Have him chase you a bit back toward where the Governor’s men can see him. Let him follow you back inside, give him a treat, and send him back.” He nodded. “Good plan.” Then he fixed his friend with a scowl. “If only it had worked!”

  “I didn’t think the creature I was conjuring was going to be a battle demon.”

  “A magic-using battle demon,” corrected Brandos, as he sheathed his sword.

  “A magic-using battle demon,” echoed Amirantha. He looked into the tunnel, now filled with a noxious, oily black smoke. Remnants of charred demon flesh decorated the walls and floor of the tunnel and the stench was enough to make a battle-tested veteran vomit. Almost the entire left leg of the creature lay on the floor a few feet away. “Let us collect our fee from the Governor, remove ourselves from this quaint province, and return home.”

  “Home?” asked Brandos. “I thought we’d head north a bit, first.”

  “No,” said Amirantha. “There’s something here that is both familiar and troubling, something I need to ponder in my own study, with my own volumes to reference. And it’s the safest place for us to be right now.”

  “Since when did you concern yourself with safety?” asked the old fighter.

  “Since I recognized that familiar…presence behind this demon.”

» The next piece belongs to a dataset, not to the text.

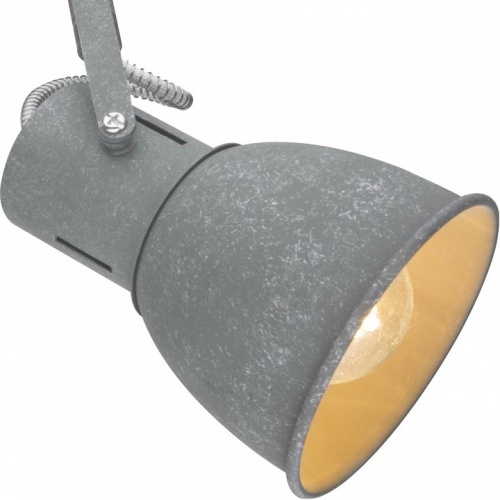 Спот Arte Lamp Jovi A1677PL-2GY фото 2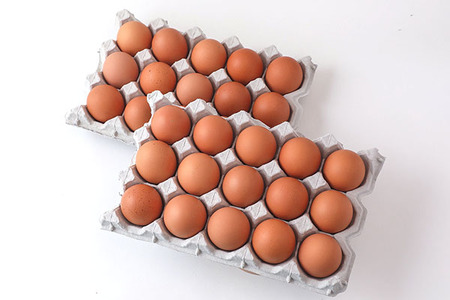 <2月中旬発送>スズキのたまご 6か月定期便! 地養卵30個(入金期限:2026.1.25)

  Brandos closed his eyes a long moment, as if weighing what he had just heard. “I’m not going to like this next part, am I?”

  “Probably not,” said Amirantha, inspecting the contents of his belt bag, seeing what would have to be replaced. “When I let loose that final bolt of energy, and the demon exploded, a series of magic…call them signatures, hallmarks of spell craft, tumbled away. All of them were my own, the wards and spells I had fashioned, save two. One was the demon, which I expected, alien and unfamiliar, nothing out of the ordinary, but the last was another player.” He was silent a moment, then said, “A player familiar to me. A magic signature as familiar to me as my own.”

  Brandos had been with Amirantha for most of his life and had heard many stories from the Warlock. He could anticipate what was coming next. Softly, almost as if sighing, Brandos asked, “Belasco?”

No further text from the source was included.